Given material:
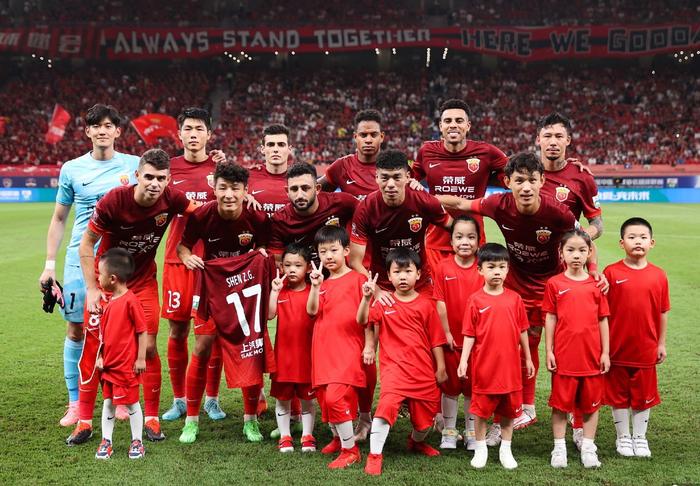 中超最新积分榜，武磊伤退，上海海港险胜领跑，申花落后2分紧追-中超积分榜2020冠军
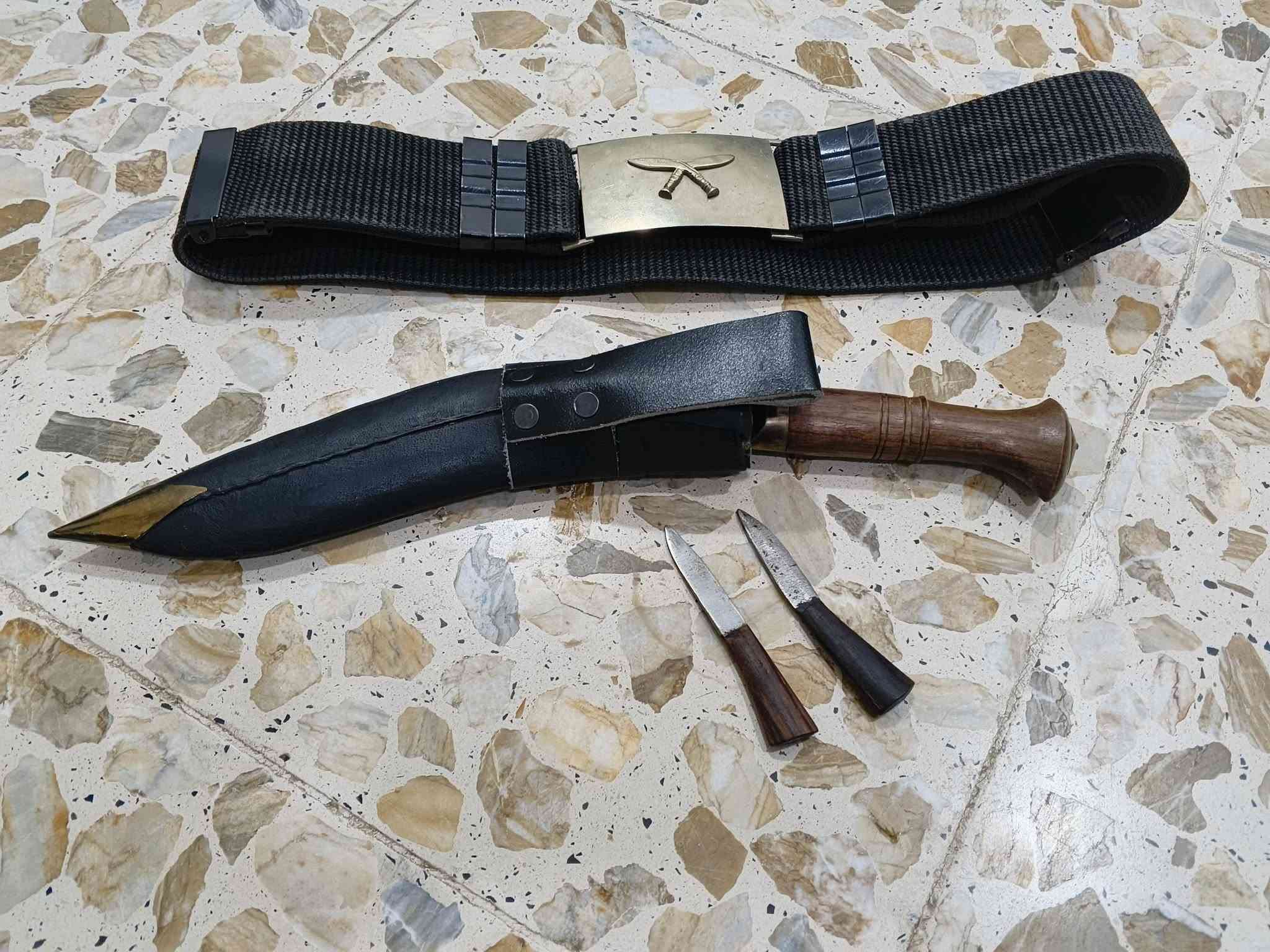 السلام عليكم اخوان عندي هاي الغراض أصليات امريكي شرط كلشي بسعزه العنوان بغداد الدوره ماعندي توصيل *********** واتساب
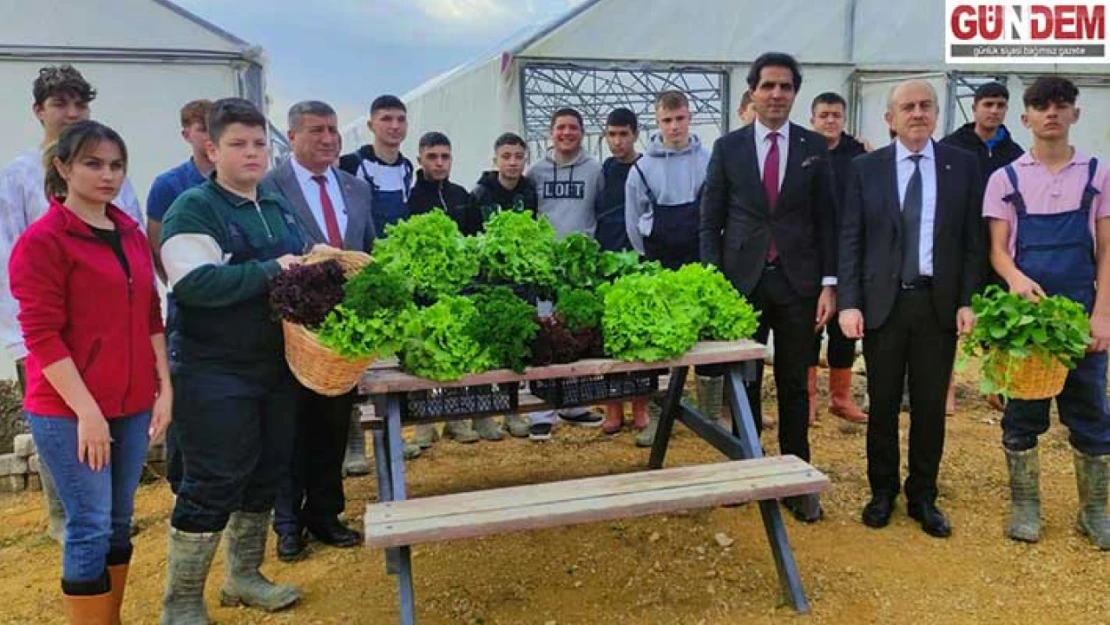 Öğrencilerin yetiştirdiği ürünler hasat edildi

Task objective: What you return should match the material word for word, apart from the pictures.

Answer:
 中超最新积分榜，武磊伤退，上海海港险胜领跑，申花落后2分紧追-中超积分榜2020冠军
 السلام عليكم اخوان عندي هاي الغراض أصليات امريكي شرط كلشي بسعزه العنوان بغداد الدوره ماعندي توصيل *********** واتساب
 Öğrencilerin yetiştirdiği ürünler hasat edildi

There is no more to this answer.